3.   Move in for the change

  • Approach this person in a casual way, either in the hallway or pop into their room as you are walking by (curiously these people who are open to change frequently have their doors open)
  • Show them how something you are doing could make what they are already doing easier

4.   Follow-up and support

  • Once you have introduced this person to whatever it is, be sure to follow up with them to make sure that they are not getting frustrated and abandoning it. How often have you attended some workshop on the new-new thing only to get no follow up support? How many of those new-new things have any staying power?
  • Don’t be a know-it-all. Let them show you something about whatever it is that you don’t know (even if you already know it). This will boost their self-confidence and make them excited to continue.

Try this technique at your school and see if over time your influence doesn’t expand, and remember to stay positive no matter the setbacks. No one ever said that being a change-agent was easy!

  • https://redskins-tech-guy.wikispaces.com/Web+2.0+Links franze98

    #4 may be the most important point of all. With out that follow up support ideas are more likely to be abandoned. Even the simple question of “how is that going for you?” can do the job.

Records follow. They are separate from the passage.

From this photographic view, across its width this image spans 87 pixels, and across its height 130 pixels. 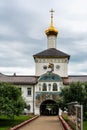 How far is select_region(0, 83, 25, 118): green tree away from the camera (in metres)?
29.9

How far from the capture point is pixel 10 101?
3122 cm

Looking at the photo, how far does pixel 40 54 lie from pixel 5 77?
26.3ft

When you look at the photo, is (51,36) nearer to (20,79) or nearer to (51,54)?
(51,54)

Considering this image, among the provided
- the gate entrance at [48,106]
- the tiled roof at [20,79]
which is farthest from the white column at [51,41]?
the gate entrance at [48,106]

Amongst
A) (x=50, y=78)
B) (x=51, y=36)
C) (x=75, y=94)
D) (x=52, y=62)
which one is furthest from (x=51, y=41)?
(x=75, y=94)

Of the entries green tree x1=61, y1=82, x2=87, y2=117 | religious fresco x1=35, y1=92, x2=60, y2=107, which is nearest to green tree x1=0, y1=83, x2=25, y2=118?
green tree x1=61, y1=82, x2=87, y2=117

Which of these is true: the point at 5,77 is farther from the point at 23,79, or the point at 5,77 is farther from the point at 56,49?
the point at 56,49

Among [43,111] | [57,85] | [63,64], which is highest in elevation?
[63,64]

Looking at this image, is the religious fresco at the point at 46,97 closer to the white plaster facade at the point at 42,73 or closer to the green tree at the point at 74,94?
the white plaster facade at the point at 42,73

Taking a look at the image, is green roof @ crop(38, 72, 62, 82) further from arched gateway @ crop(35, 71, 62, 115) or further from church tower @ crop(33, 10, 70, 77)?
church tower @ crop(33, 10, 70, 77)

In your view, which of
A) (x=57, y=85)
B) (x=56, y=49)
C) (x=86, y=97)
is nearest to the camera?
(x=86, y=97)

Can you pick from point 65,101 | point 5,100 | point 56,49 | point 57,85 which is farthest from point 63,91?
point 56,49

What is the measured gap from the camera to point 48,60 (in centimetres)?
6209

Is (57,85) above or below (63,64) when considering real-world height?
below
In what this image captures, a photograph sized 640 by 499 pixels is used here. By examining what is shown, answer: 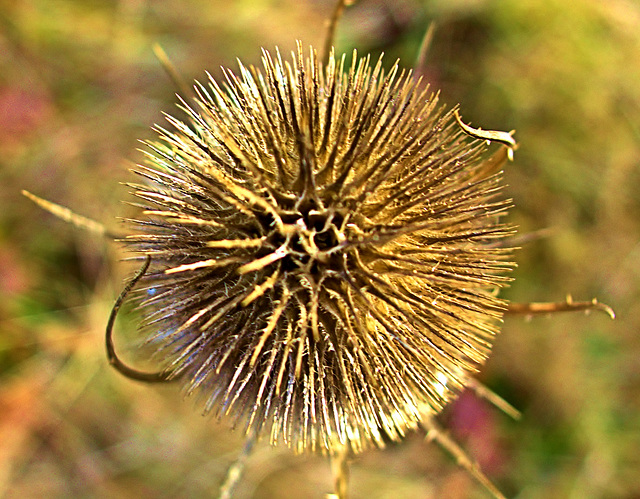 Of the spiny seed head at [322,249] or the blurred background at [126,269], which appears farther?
the blurred background at [126,269]

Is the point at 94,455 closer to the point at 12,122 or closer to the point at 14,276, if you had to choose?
the point at 14,276

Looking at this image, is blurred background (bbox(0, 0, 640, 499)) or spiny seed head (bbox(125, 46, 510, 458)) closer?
spiny seed head (bbox(125, 46, 510, 458))

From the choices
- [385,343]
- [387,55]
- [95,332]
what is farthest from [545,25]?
[95,332]

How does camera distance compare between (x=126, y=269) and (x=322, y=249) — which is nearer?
(x=322, y=249)
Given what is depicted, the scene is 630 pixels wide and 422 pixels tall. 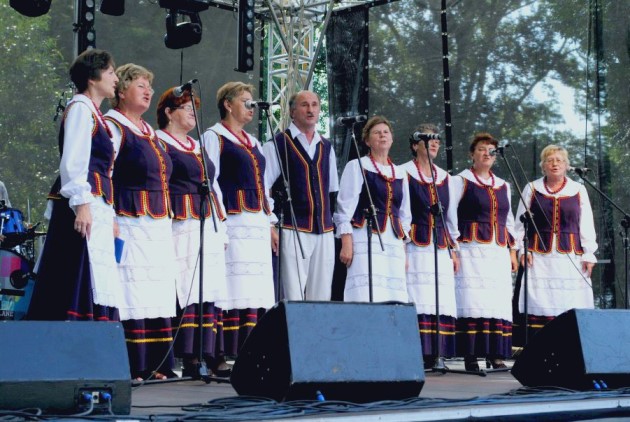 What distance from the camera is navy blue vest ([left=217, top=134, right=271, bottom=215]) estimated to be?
5.84 m

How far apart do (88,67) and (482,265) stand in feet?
10.7

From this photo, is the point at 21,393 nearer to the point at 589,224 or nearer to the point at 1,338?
the point at 1,338

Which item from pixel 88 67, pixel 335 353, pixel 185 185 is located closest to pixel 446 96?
pixel 185 185

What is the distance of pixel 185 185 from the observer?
5.54 metres

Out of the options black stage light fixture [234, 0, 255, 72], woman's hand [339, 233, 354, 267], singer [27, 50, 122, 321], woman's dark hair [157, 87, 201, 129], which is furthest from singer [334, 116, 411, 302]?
singer [27, 50, 122, 321]

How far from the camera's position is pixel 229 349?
581 centimetres

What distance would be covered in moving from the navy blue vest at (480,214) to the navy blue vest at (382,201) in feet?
2.06

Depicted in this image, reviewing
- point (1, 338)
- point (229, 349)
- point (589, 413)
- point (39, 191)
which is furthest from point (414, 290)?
point (39, 191)

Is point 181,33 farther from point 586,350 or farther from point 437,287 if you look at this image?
point 586,350

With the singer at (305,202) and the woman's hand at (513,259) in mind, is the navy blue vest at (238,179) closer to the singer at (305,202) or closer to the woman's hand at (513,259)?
the singer at (305,202)

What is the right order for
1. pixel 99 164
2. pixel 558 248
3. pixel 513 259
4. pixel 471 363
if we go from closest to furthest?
1. pixel 99 164
2. pixel 471 363
3. pixel 558 248
4. pixel 513 259

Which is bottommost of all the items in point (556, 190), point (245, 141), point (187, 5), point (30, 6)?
point (556, 190)

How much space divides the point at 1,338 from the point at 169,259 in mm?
2121

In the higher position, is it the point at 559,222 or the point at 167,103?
the point at 167,103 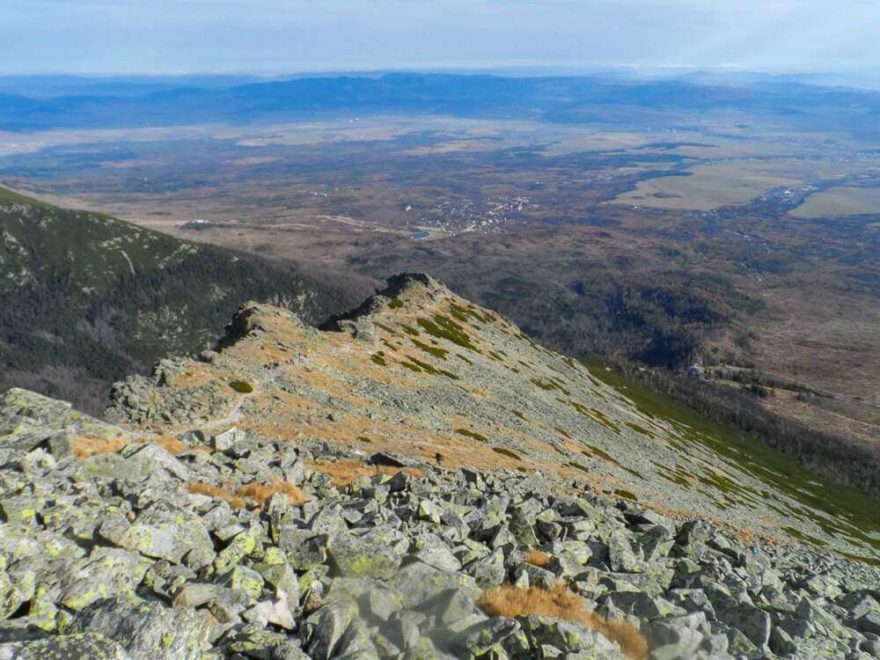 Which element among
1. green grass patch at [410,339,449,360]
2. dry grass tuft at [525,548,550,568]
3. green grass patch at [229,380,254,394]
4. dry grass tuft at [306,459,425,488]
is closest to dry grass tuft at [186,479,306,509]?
dry grass tuft at [306,459,425,488]

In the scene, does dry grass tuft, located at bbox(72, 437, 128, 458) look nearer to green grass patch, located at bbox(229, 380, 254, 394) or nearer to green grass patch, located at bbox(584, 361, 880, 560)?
green grass patch, located at bbox(229, 380, 254, 394)

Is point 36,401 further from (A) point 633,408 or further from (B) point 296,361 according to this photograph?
(A) point 633,408

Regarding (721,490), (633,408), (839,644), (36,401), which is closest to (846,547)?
(721,490)

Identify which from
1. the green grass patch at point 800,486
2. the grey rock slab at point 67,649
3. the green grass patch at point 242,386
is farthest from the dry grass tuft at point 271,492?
the green grass patch at point 800,486

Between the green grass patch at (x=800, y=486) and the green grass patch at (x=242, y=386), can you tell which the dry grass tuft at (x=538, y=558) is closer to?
the green grass patch at (x=242, y=386)

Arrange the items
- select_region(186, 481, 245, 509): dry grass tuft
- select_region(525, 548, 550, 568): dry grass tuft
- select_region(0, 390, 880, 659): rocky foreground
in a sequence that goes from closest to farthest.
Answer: select_region(0, 390, 880, 659): rocky foreground
select_region(525, 548, 550, 568): dry grass tuft
select_region(186, 481, 245, 509): dry grass tuft

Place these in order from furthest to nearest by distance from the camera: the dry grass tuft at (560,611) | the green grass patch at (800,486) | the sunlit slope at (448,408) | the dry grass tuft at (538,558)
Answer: the green grass patch at (800,486)
the sunlit slope at (448,408)
the dry grass tuft at (538,558)
the dry grass tuft at (560,611) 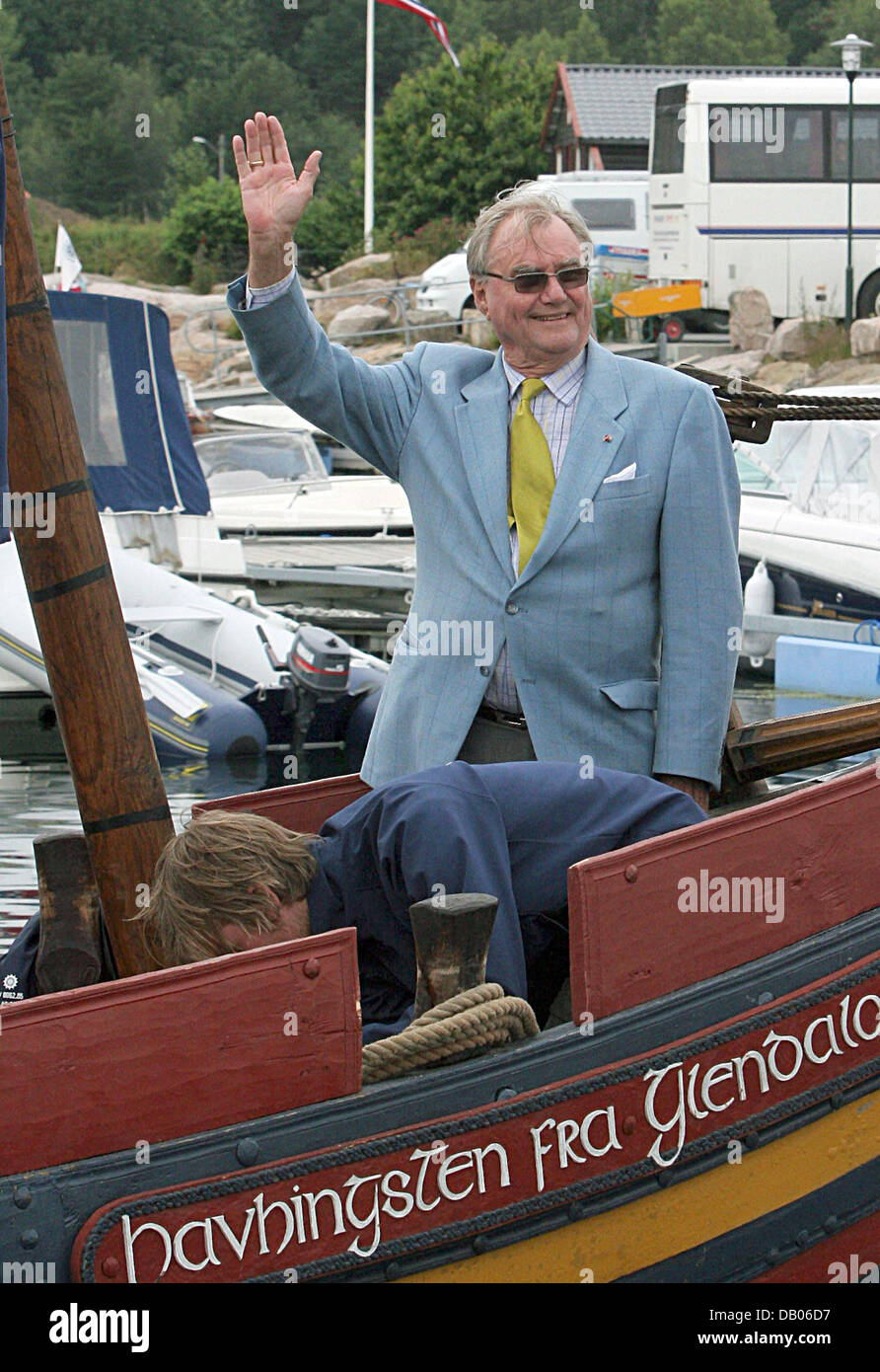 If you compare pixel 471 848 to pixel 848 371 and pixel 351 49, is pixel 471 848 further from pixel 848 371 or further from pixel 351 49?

  • http://janwebb21@primaryblogger.co.uk janwebb21

    Funny how we find such things in common, wherever we are teaching! I blogged about resistance to change last week – http://janwebb21.primaryblogger.co.uk/2010/05/09/change-and-the-immune-response/

    After much reflection, I think one of the most effective ways of convincing colleagues that the tools have a relevant application in their classrooms is to get alongside them. We tried a peer-coaching method a few weeks ago http://janwebb21.primaryblogger.co.uk/2010/04/23/wikis-forums-and-wallwisher/ – a process which I am looking forward to continuing and which opened the professional dialogue, making the tools less scary because they were in a relevant context. I’d thoroughly recommend this as a more in-depth opportunity to follow up your informal chats.